Exercise data.
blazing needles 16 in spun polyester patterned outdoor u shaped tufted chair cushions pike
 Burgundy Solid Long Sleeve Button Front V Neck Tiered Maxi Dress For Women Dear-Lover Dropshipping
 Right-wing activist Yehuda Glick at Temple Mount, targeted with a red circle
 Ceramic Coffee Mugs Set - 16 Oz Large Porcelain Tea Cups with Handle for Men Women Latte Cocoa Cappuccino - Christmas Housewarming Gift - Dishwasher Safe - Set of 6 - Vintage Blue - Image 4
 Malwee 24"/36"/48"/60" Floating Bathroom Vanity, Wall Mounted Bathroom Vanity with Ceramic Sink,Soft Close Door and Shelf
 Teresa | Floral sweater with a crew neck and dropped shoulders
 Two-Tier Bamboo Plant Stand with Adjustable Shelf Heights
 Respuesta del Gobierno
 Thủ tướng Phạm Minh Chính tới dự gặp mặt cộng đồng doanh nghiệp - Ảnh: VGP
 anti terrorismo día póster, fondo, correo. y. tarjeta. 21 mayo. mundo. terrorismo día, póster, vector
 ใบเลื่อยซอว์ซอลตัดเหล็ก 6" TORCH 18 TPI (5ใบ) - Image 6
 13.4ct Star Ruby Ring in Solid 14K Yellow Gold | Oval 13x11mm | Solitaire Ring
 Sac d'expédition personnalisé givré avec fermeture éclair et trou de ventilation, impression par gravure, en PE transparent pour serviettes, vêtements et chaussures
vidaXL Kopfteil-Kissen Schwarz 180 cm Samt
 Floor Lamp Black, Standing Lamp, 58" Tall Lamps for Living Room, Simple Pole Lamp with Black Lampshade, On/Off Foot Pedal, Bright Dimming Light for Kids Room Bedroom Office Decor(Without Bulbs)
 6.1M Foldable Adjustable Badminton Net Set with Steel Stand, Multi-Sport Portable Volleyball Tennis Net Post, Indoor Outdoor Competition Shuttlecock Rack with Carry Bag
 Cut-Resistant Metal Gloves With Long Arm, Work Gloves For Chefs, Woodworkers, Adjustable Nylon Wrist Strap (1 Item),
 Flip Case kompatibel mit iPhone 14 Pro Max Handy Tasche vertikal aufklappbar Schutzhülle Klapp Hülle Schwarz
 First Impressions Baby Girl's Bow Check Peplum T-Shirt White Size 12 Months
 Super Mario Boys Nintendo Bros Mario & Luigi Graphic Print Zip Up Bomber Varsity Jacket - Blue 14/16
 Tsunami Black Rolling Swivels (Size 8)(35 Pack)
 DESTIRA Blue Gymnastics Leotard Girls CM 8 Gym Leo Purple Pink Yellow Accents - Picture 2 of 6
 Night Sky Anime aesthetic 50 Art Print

Work request.
Give the count of lines containing the word "Shelf" in the listing, and no other text.

Written solution.
2